Was blieb also von der ersten Expedition in den Norden? Politisch und wirtschaftlich erstmal nichts. Der Bremer Bischof fand‘s trotzdem toll. Hatte er doch jetzt eine Menge Schäfchen dazu bekommen. Die Gegend um den Sandberg war also nicht vergessen und aufgeschoben ist nicht nicht aufgehoben. Zweihundert Jahre später erreichte die Zivilisation dann doch den kühlen und feuchten Norden: Ein Herzog kam auf die Idee, nochmal eine Burg zu bauen. Diesmal etwas weiter östlich der ersten Burg der Südländer, auf einem Inselchen im Störsumpf gleich an der flachen Salatschüssel unterhalb des Elbeblicks. Das war vielleicht ein Kompromiss: Man kam über das Wasser gut nach Süden, ein Handelsweg vom Osten bis zu den westlichen Einöden führte inzwischen vorbei und von Norden stiess ein anderer Weg dazu. Handeln, nicht hauen hiess die Devise für die Zukunft. Der Handelsplatz Itzehoe war geboren und das war ganz eindeutig die bessere Idee. Und so kam das Prinzip „Ich baue eine Burg“ langsam aus der Mode. Mehr Häuser kamen dazu, die Burg wurde umgebaut. Das Kloster, das ganz verwegene direkt an der Störmündung gegründet hatten, wurde ebenfalls dorthin verlegt. Denn keiner wollte sich mehr direkt an der Elbe dauernd nasse Füsse holen, nicht einmal die Mönche. In Itzehoe gab‘s nicht nur weniger Hochwasser, man konnte sich auch noch zwischen Stör und dem Gipfel an den Südwesthang in die Sonne legen und alle sieben grade sein lassen.
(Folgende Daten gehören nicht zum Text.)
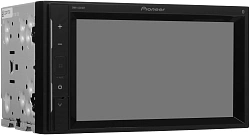 Автомагнитола Pioneer DMH-A245BT 2DIN 4x50Вт 6.2" ПДУ RDS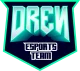 Логотип DREN eSports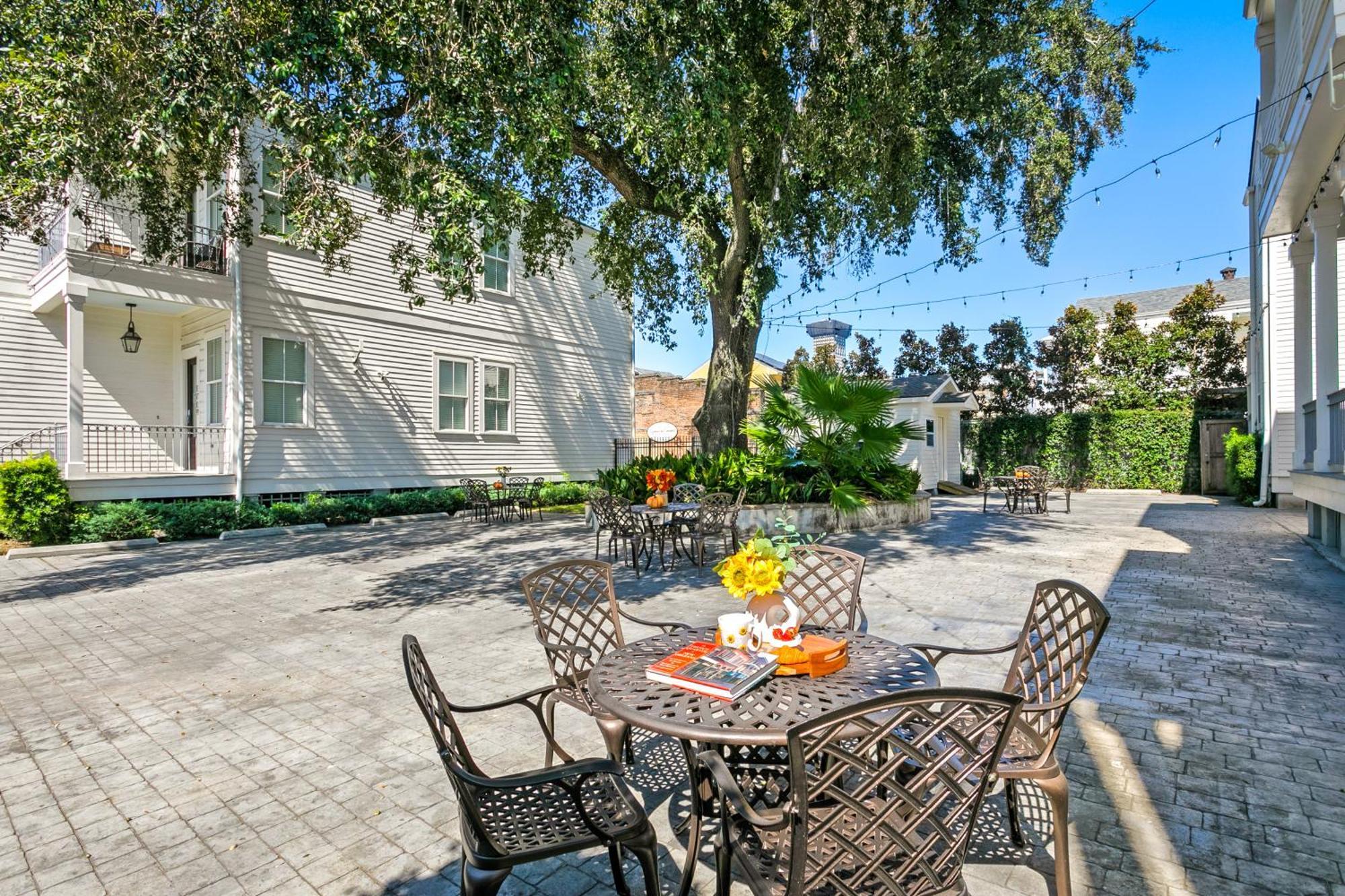 Amazing 3Br Cottage Off St Charles With Pool New Orleans Exteriér fotografie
Und damit war die Zukunft komplett, ein Gemeinwesen gegründet, das alles hatte, was man im Mittelalter so brauchte. Und langsam auch von Ferne wie eine Stadt aussah, eine Silhouette bekam und einen Namen hatte. Herz, was willst Du mehr!
Was merkwürdig bleibt: Alles spielte sich unten am Wasser ab, niemand wagte, den Gipfel zu bebauen. Keine Burg, keine Kirche. Aber in der Sonne die Aussicht geniessen – das konnte man trotzdem. Und im Norden auf den Sand gucken und im Süden über den Sumpf...
Ich danke für Ihre Aufmerksamkeit!
Ganz besonders danke ich dem Vortragenden, der mir gerade aus einer großen terminplanerischen Patsche geholfen hat!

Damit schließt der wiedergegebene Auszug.